This month will mark the 35th anniversary of the Church of Jesus Christ of Latter-day Saints decision to lift its infamous ban on people of African ancestry, which denied them full participation in church affairs and priesthood responsibilities.
Since the church’s inception as an organized religion in 1830, over seven generations of mostly white Mormons have been taught some version of negative white racial frames about black people as spiritually unworthy and destined to be in bondage to white folk until God sees fit to remove the alleged “curse” of blackness upon them.
A similar version of this belief existed in the Old World. After making its way across the Atlantic Ocean, the folklore circulated throughout European-colonial America and was passed down into contemporary white mainstream Christianity up until the late seventies.
Racially mixed behind the scenes
Just as the United States considered black Africans as 3/5 of a human being and treated them as such, Mormon’s saw black skin as an irreducible sign of God’s disfavor and, thus, banned them from full participation. Insular writings by church authorities lambasted the black experience, blaming black suffering on divine forces rather than white supremacist tendencies (that are irrefutable given the time).
Yet, throughout the development, refinement and implementation of those racist teachings, at least two black men were baptized and ordained to the Mormon priesthood during the time of Joseph Smith, the founder of the faith.
Mormon researchers knew this information long ago, and some tried in vain to encourage the church headquarters to talk openly about and acknowledge what historians uncovered about two of its own, Elijah Abel and Walker Lewis. Both men were black and bore the “Mark of Cain” in Mormon theology. Both, however, also held the priesthood and all of its blessings that their descendants were later denied. The Mormon faith released a statement that acknowledges the existence of these men and their place in respects to church liturgical rites. The statement furthered that nobody knows why the ban on blacks existed in the first place: “Church records offer no clear insights into the origins of this practice.”

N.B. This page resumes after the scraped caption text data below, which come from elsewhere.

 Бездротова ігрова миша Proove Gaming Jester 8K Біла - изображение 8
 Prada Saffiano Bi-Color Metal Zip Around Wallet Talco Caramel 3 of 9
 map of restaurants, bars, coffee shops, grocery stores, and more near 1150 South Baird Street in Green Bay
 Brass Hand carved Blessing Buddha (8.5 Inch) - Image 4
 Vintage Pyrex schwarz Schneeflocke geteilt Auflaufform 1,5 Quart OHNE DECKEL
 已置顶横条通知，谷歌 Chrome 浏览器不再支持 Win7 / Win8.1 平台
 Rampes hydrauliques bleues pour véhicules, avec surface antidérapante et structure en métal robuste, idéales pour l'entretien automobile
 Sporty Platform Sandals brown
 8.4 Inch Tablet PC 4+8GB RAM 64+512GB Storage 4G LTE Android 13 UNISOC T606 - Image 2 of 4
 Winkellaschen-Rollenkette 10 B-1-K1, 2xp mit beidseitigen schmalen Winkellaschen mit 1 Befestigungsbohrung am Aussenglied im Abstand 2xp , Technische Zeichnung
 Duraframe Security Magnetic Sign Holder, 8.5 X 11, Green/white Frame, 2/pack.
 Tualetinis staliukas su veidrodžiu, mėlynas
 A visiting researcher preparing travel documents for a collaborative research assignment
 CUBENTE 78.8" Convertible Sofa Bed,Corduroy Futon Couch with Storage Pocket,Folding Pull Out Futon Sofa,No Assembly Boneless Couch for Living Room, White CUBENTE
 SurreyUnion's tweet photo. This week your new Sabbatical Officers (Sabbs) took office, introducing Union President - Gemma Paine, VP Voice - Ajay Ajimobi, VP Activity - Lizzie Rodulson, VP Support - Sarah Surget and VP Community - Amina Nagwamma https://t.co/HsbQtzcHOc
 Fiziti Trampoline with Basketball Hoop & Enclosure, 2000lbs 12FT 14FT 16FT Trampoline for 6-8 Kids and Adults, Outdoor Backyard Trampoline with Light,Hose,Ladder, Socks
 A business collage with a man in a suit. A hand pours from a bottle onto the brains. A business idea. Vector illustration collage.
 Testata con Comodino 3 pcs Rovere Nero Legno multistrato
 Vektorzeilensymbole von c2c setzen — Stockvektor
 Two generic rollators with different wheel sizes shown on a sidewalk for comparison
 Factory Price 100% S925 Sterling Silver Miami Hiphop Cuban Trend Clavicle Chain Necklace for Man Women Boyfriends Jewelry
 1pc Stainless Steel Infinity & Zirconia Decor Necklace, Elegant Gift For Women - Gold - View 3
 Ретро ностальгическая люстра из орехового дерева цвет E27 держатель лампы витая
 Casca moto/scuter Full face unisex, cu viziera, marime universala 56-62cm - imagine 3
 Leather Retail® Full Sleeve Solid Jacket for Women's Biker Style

For over one hundred eighty years, members of the LDS Church have unwittingly been racially socialized (in the backstage) to believe in some form of black inferiority and white superiority as God’s chosen people. The backstage racist attacks on the temporal and spiritual destiny of black people in Mormonism was vicious and condescending.
And the polite tone (in the front stage) toward them as children of God and potential converts was problematic. The LDS Church has struggled with the presence of blacks, especially the activism of the civil rights movement, which drew sharp criticism from church authorities with far-right ideas.
Racist traditions can’t be wiped away with a penstroke
The church has yet to issue a formal apology for its part in the formation and maintenance of racist discourse. Church leaders are convinced that the 1978 official declaration, which ended 125 years of racial discrimination against black people (that began with Brigham Young’s statement to the Utah Territorial Legislation in 1852), was enough silence their critics. Or that white people have done enough to bring about systemic change.
With a stroke of a pen, white racist traditions ostensibly ceased to exist. Mitt Romney claimed he was overcome with emotion at the announcement, which paved the way for R&B legend Gladys Knight, a black Mormon, to join the faith. Racist one day, non-racist the next. Unfortunately, it is not possible to undo historical patterns of stratification by merely enacting legislation — or having a revelation, for that matter.
Change is forged, first and foremost, in honest conversation and a deep prophetic understanding grounded in mutual trust of the vicissitudes of the human experience with all the raw emotion that flows from such meaningful discussion.
As it’s been said, it is having the strength and courage to be transformed by “my experience as I have been by yours.” But there was no wrestling with weighty matters of a history of racist indoctrination among rank-and-file white Mormons. Church authorities merely ended the priesthood ban and left the membership with the burden of examining their own internal biases in its wake.
As it has always been in Mormonism, the head speaks and the body follows.
Until the LDS Church recognizes its role in maintaining race-based discrimination, such a celebration rings empty, and black folk should pause when seeing two out-of-place, “clean cut” looking, white boys on bicycles in their neighborhood.